Chef Rodelio Aglibot
As a first generation Filipino American growing up in his native Hawaii, Rodelio (Rod) Aglibot got his first inkling that his true love in life would be cooking. He credits his parents as his early culinary mentors, his father, Reggie, a retired chef and his mother, Sally, a great cook in her own right. Rodelio says it was his upbringing and family traditions that influence his affinity and creativity in the kitchen. Little did he realize that he would one day own his own restaurant, Yi Cuisine, which opened in Los Angeles in June 2004 to critical acclaim. His big smile and vibrant aura are matched by the bold flavors he produces and the passion he exudes; to know Rod is to love him and his food.
Formerly executive chef of Koi in Los Angeles, Rodelio earned his stars for creating an innovative menu of Asian dishes; blending bright flavors with an array of textures and temperatures. Rod’s tenure at Koi established him as a respected and personable chef; focusing on traditional Japanese ingredients with an essence of French technique and Californian style. Within two years of running the kitchen at Koi, Rod was presented with an opportunity to develop his own concept which led to the creation of Yi Cuisine.
Before landing at Koi, Rodelio was the opening executive chef and consultant of ZaZen, a beachy Asian Bistro in Venice, California. He was also a founder in a specialty seafood company in San Francisco, Ahi Bros; distributing tuna to some of the finest dining destinations in the world.

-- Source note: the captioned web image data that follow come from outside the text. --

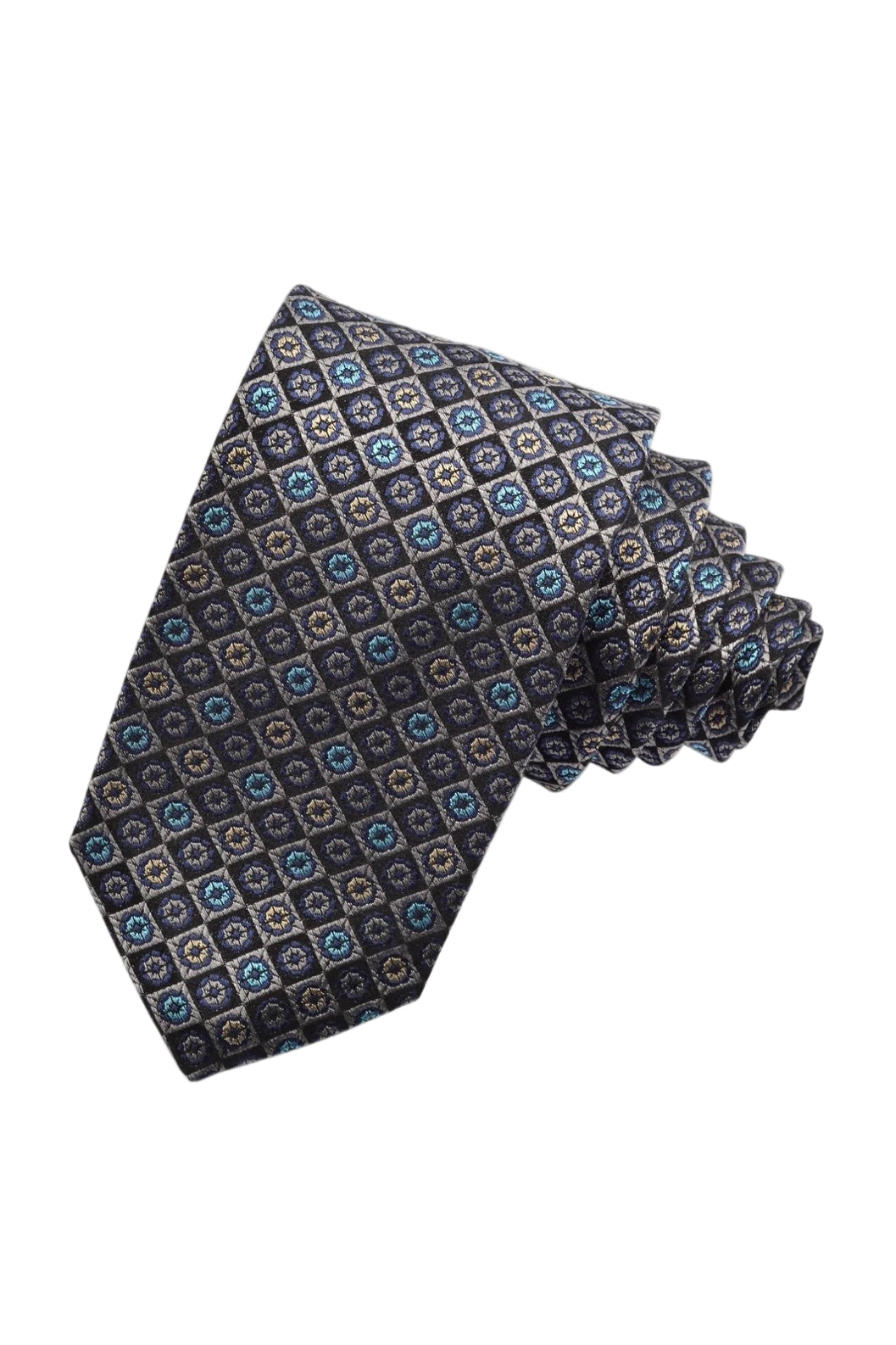 JACQUARD FLORAL MEDALLION TIE MULTI OS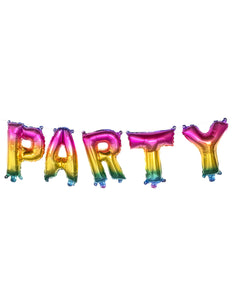 E-Carnavalskleding.nl Folieballonslinger 'Party' regenboog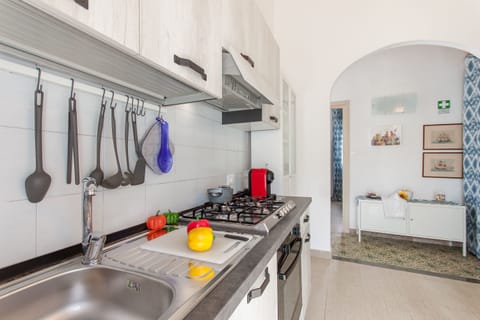 Family Villa, 4 Bedrooms, 2 Bathrooms (Alcamo Pool House) | Private kitchen | Fridge, microwave, oven, stovetop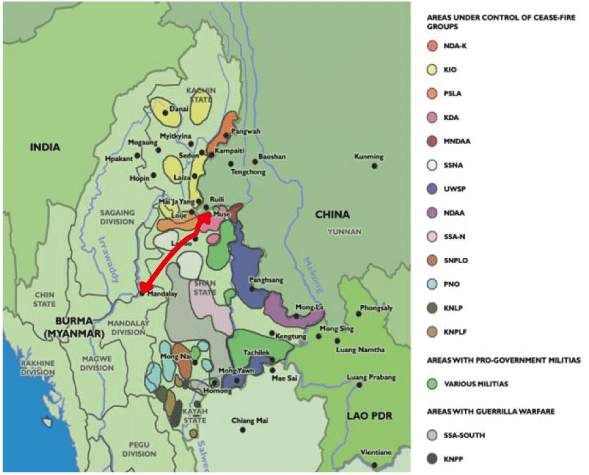 Ethnic Minorities' Areas Of Influence And The New Burma - Myanmar Ethnic Armed Groups (589x475), Png Download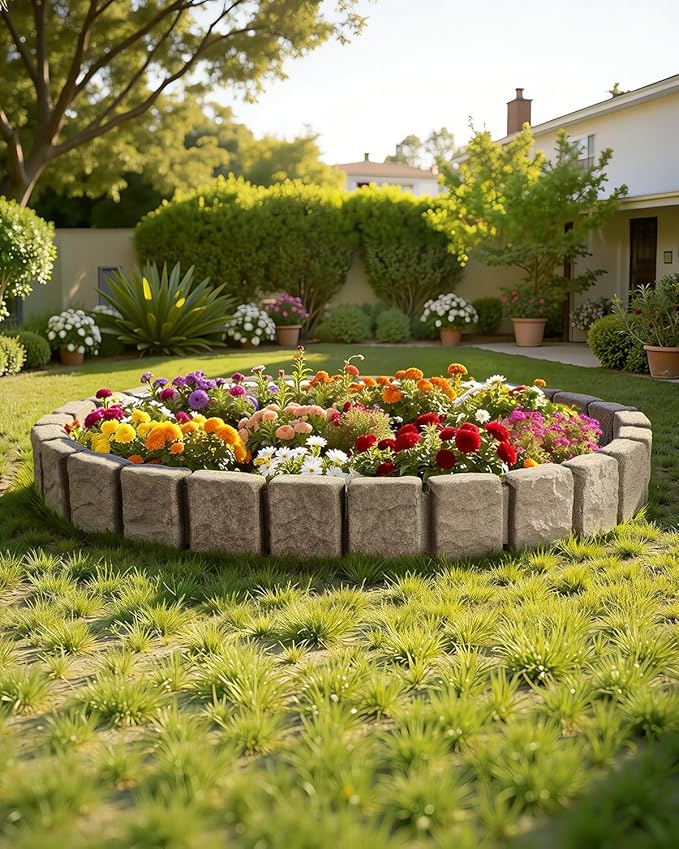 VEVOR Faux Stone Landscape Edging, No Dig Garden Edging Border, Flexible Blocks for Lawn Edging, Flower Beds, Driveway, Yards with 12 Spikes, 4 Pack 24 Bricks 16FT Kit, 47.2" Lx 4" W x 9" H, Beige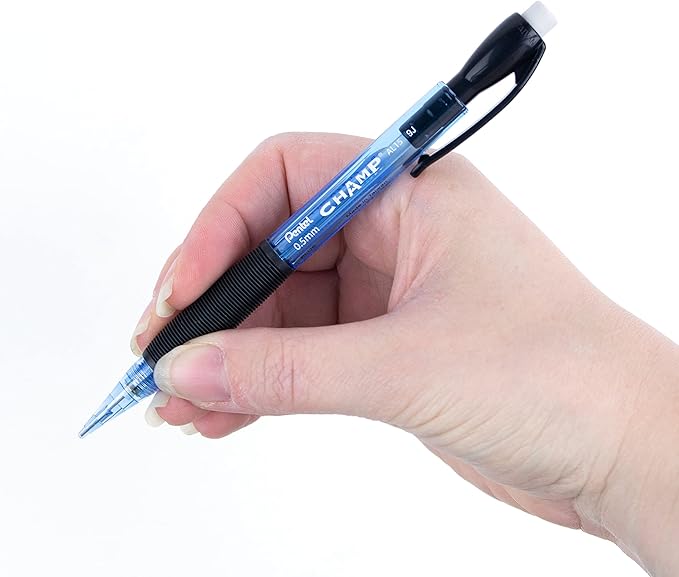 Pentel Champ Pencil, Automatic Pencil, 0.5mm Lead Size, Blue Barrel, Box of 12 (AL15C)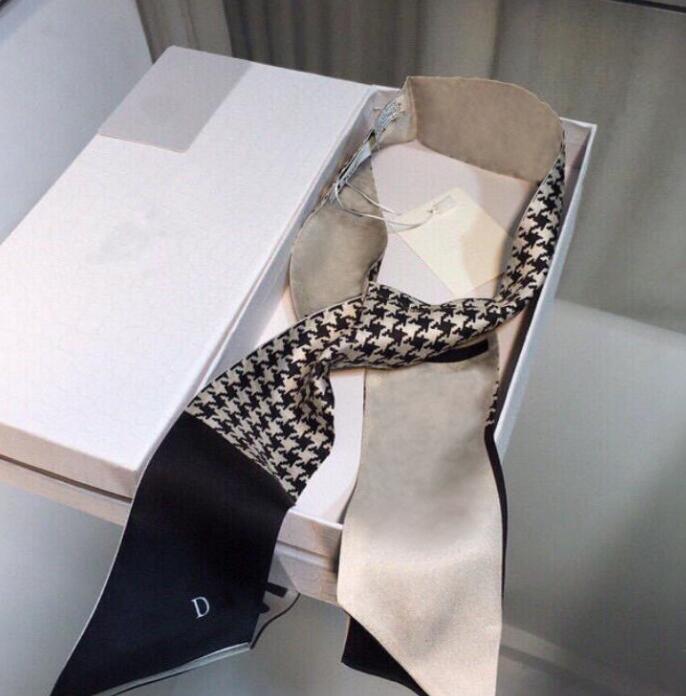 

Original Letters Print Handbag Silk Scarves Bags Handles Tied Bag Ribbon Small Scarf Women Headband Fashion Decoration Neckerchief Streamer, Blue;gray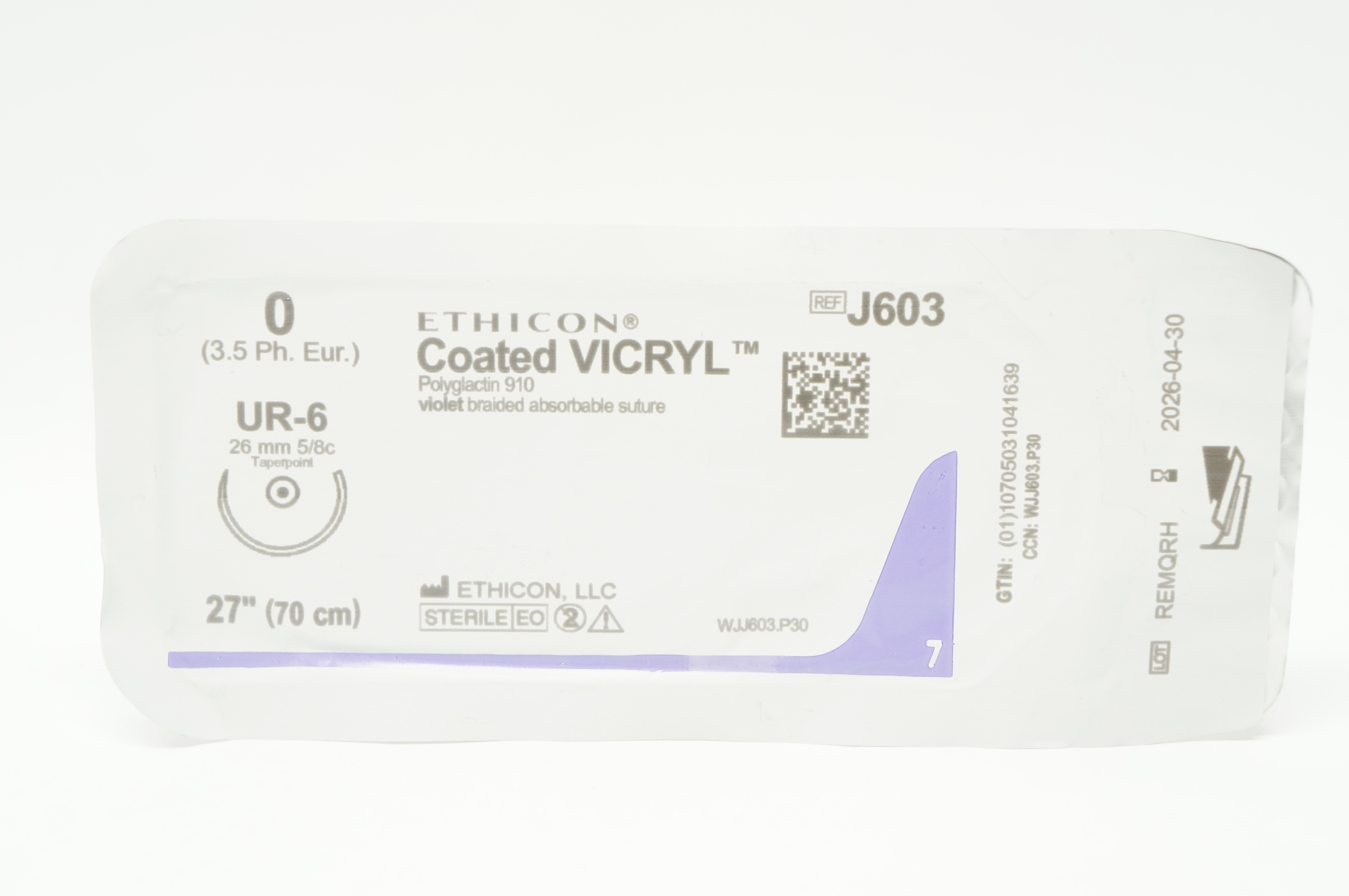 Ethicon J603 0 Coated VICRYL Polyglactin Stre, UR-6 26mm 5/8c Taperpoint, 27inch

Rod established the company as one of the premier tuna suppliers in the Bay Area, catering to such first- class restaurants as Aqua San Francisco, Gary Danko, and French Laundry.
After attending UCLA, he moved to San Francisco to pursue his culinary aspirations. He graduated from the City College of San Francisco’s Hotel and Restaurant Program, one of America’s longest running culinary school programs. His executive chef instructor encouraged Rod to apply for the prestigious Chef’s Apprenticeship Program at the Five-Star and Five-Diamond Greenbrier Resort, located in West Virginia. Rodelio’s acceptance into the program at Greenbrier was the most important and influential experience of his career and where he was introduced to “real” cooking and classical techniques. “I was surrounded by some of the most talented and career-driven chefs I’d ever met, I still refer to my practice at Greenbrier as “culinary boot camp,” jokes Rodelio. “Doing 1500 covers a night and decadent 12-course meals, Greenbrier was an education of a lifetime.”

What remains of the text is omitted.